■ Instructions for the task
Beneath this line sits some data. Return only its lines from the one holding "May include: A" through the one holding "Kintantys studijos akcentai", inclusive, exactly, with the images removed.

■ Data for this task
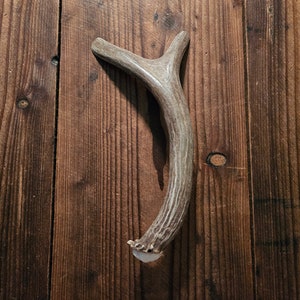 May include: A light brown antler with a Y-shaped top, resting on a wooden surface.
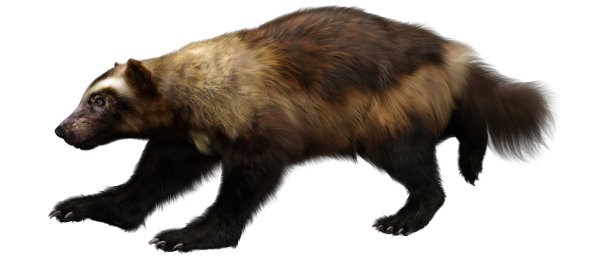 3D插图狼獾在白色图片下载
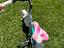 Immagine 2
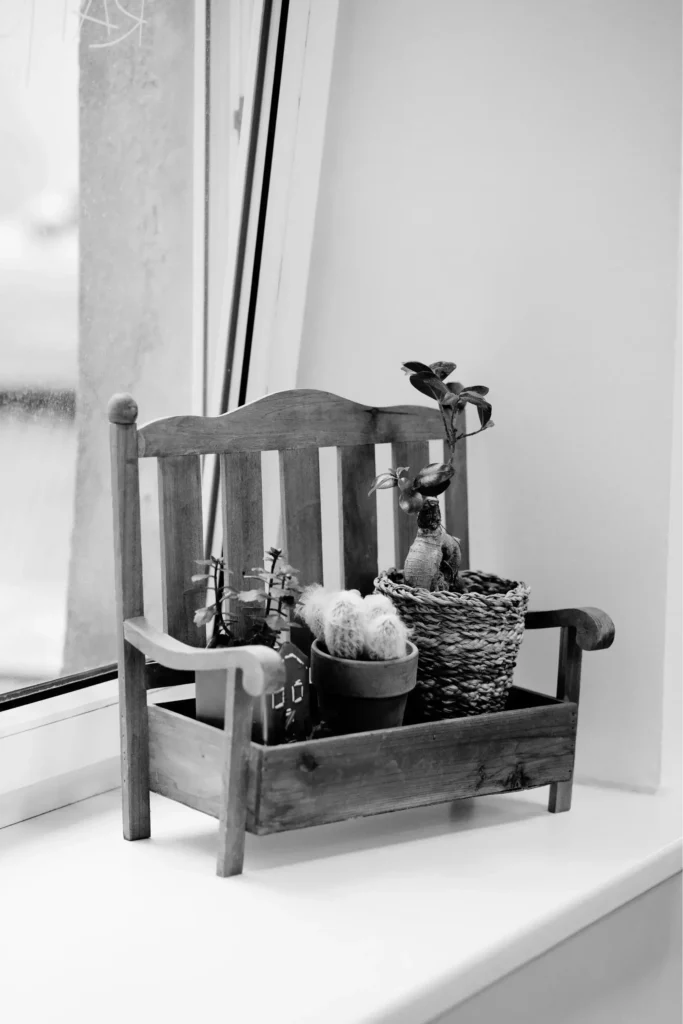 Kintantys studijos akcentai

...

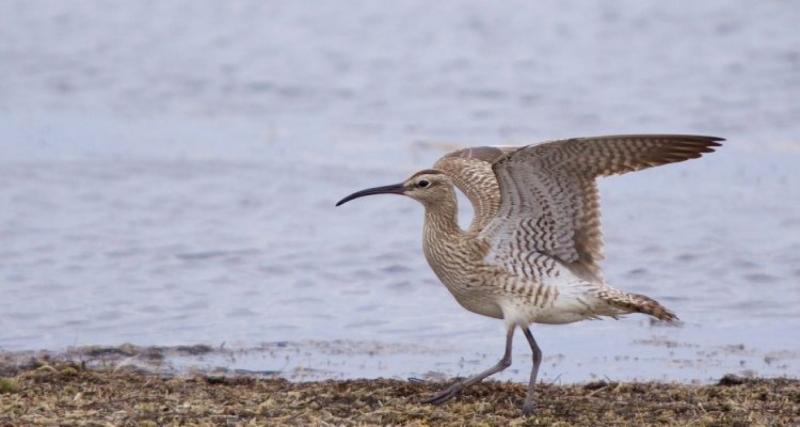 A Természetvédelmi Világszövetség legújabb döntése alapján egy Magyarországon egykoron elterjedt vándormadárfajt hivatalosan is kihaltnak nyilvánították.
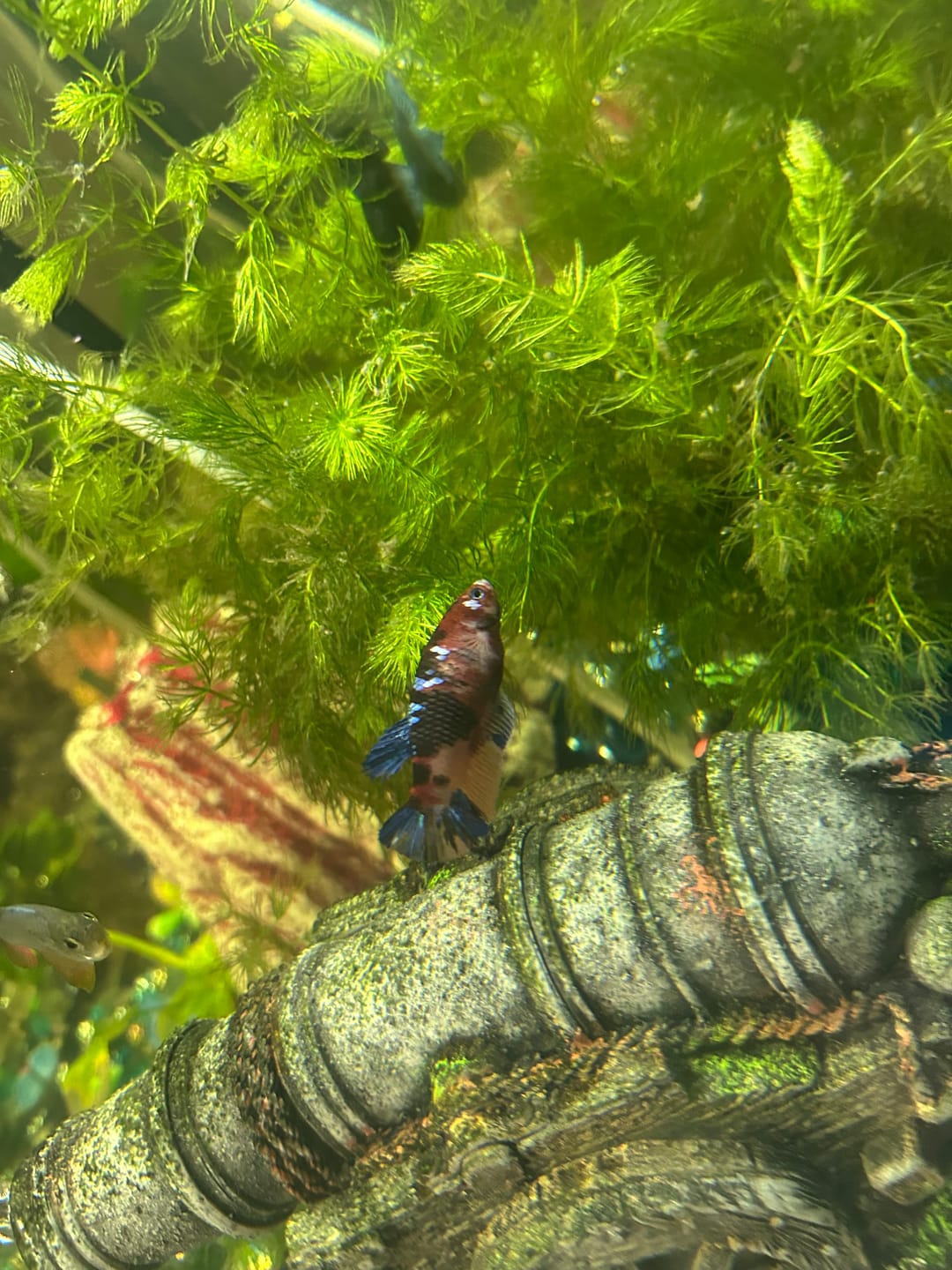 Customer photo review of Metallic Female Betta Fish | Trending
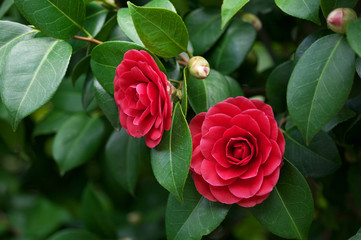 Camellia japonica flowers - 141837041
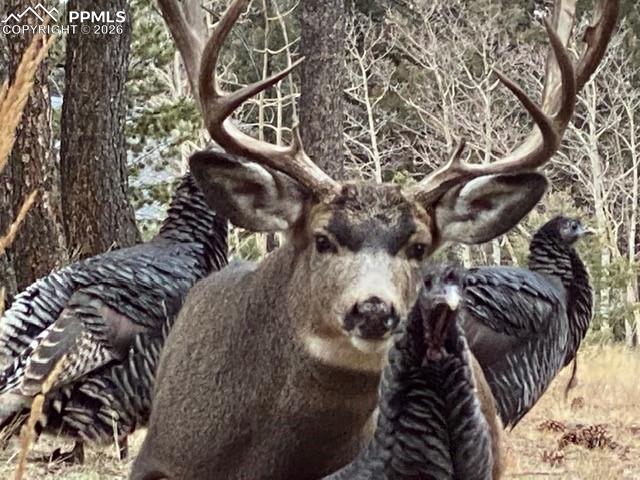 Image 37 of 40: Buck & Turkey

■ Expected answer
 May include: A light brown antler with a Y-shaped top, resting on a wooden surface.
 3D插图狼獾在白色图片下载
 Immagine 2
 Kintantys studijos akcentai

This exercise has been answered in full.